Что ж, оттого особенно важно понять, что за душа и что за сердце были у того, чьим двойником считали Дениса Ивановича, — тем более что в годы счастливого единомыслия и единодушия младший ушел в тень, падающую от старшего.
Первое слово — самому Фонвизину:
«Нрав графа Панина достоин был искреннего почтения и непритворныя любви. Твердость его доказывала величие души его. В делах, касательных до блага государства, ни обещания, ни угрозы поколебать его были не в силах. Ничто в свете не могло его принудить предложить монархине свое мнение противу внутреннего своего чувства. Колико благ сия твердость даровала отечеству! От коликих зол она его предохранила!»
Это — «Жизнь графа Никиты Ивановича Панина», написанная после смерти благодетеля. Точнее, «Житие…»; благоговение не позволило Фонвизину рискнуть написать не лик, а лицо, уйти и от неловкой «славянчизны», и от некрологического славословия:
«Други обожали его, самые враги его ощущали во глубине сердец своих к нему почтение…»
Други — без сомнения, но враги…
«Добрая натура, огромное тщеславие и необыкновенная неподвижность — вот три отличительные черты характера Панина». Лапидарную оценку английского посланника Гарриса (кстати сказать, смыкающуюся с тем, что говорил о Панине еще один враг его, Екатерина: «умрет оттого, что поторопится») пространнее уточняет французский дипломат Корберон:
«Сладострастный по темпераменту и ленивый, столь же по системе, сколько и по привычке, он старался, однако, вознаградить себя за малое влияние на ум своей повелительницы. Величавый по манерам, ласковый, честный противу иностранцев, которых очаровывал при первом знакомстве, он не знал слова „нет“; но исполнение редко следовало за его обещаниями; и если, по-видимому, сопротивление с его стороны — редкость, то и надежды, на него возлагаемые, ничтожны».
Ни деловой партнер, ни противник, которого следовало бы слишком уважать.
Итак, твердость — и податливость, хуже, ненадежность. Величие души — и тщеславие. Муж, стеною стоящий на страже отечества, — и ленивый сладострастник. Где истина, на той или на другой стороне? Или где-нибудь посередке? Что ж, давайте поуменьшим восторги Фонвизина (он как-никак лично обязан Панину), приугасим скепсис дипломатов (ни Франция, ни Англия не имели оснований быть благодарными тому, чьи сердце и расчет были отданы Пруссии и ее королю Фридриху Великому), и у нас выйдет… но ничего у нас не выйдет. «Неразгаданный», по чьему-то выражению, Панин — такое же естественно-противоречивое создание своего естественно-противоречивого века, как и Елагин. Такая же характернейшая его фигура, хотя и в ином духе.
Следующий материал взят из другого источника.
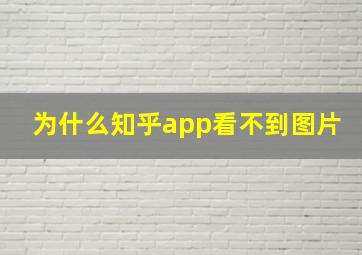 为什么知乎app看不到图片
Странность — не помеха для характерности, наоборот. Странные люди, странные идеи, странные поступки часто больше говорят о своей эпохе, чем заурядность и обыденность.
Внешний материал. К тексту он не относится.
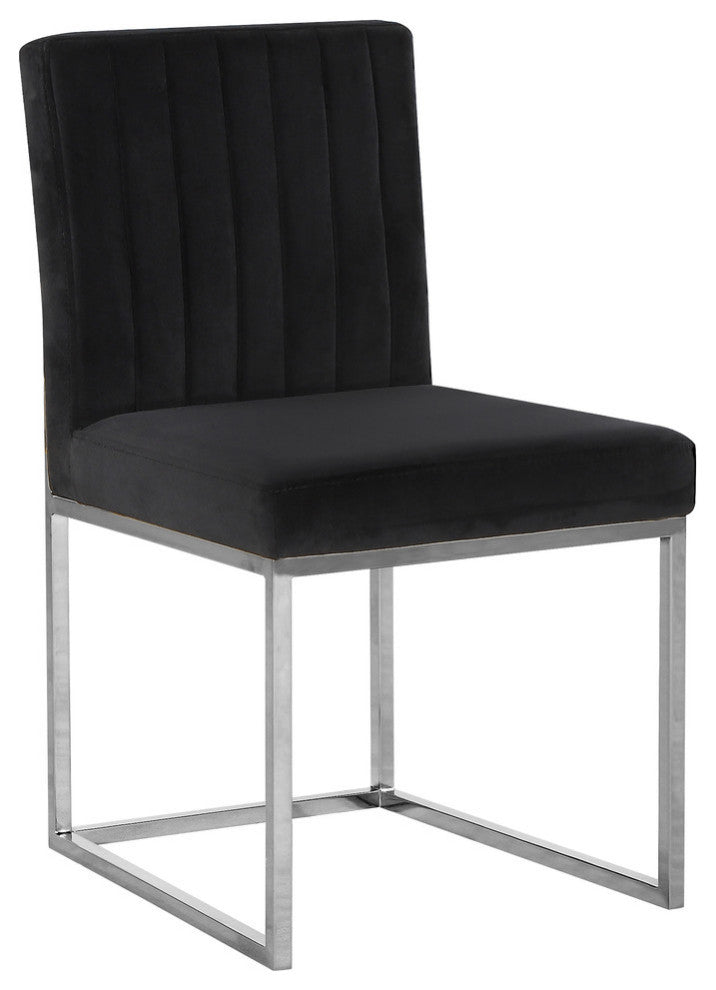Giselle Velvet Dining Chairs, Set of 2, Black, Chrome Base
Иван Перфильевич — чудак, человек крайностей и несообразностей; в Никите Ивановиче крайности не то чтоб сошлись в золотую серединку, однако обрели умеренность или, лучше сказать, соразмерность, вкус, даже гармоничность.
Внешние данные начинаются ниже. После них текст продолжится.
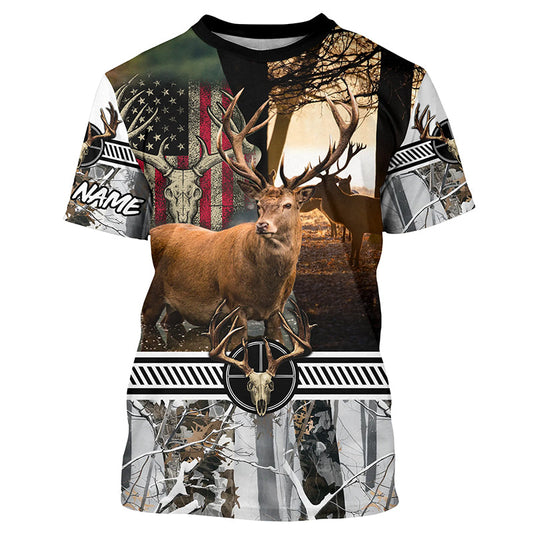 Maxcorners Red Deer stag hunting American flag winter camo custom name Shirt for Hunter, Deer hunting gift LM2608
Ты понял жизни цель: счастливый человек,
Для жизни ты живешь. Свой долгий ясный век
Еще ты смолоду умно разнообразил,
Искал возможного, умеренно проказил;
Чредою шли к тебе забавы и чины… —
пушкинские слова, посвященные гибриду российского размаха и европейской утонченности, мудрецу-сибариту Николаю Борисовичу Юсупову, никак не отнести ни к «Перфильичу», ни к Потемкину, ни к Воину Нащокину — они проказили неумеренно, а часто и неумно и задавались целями именно невозможными. Они тоже разнились: посадить любимую жену на пушку и палить из-под нее или взяться в немыслимо краткий срок возвести на голом месте город Екатеринослав с дворцами и садами (каковая затея отчасти кончилась потемкинской деревней) — это проявления разных характеров и весьма разных возможностей; но общее тут — отсутствие чувства меры, нежелание соображаться с реальностью, самочинство, перерастающее в самодурство.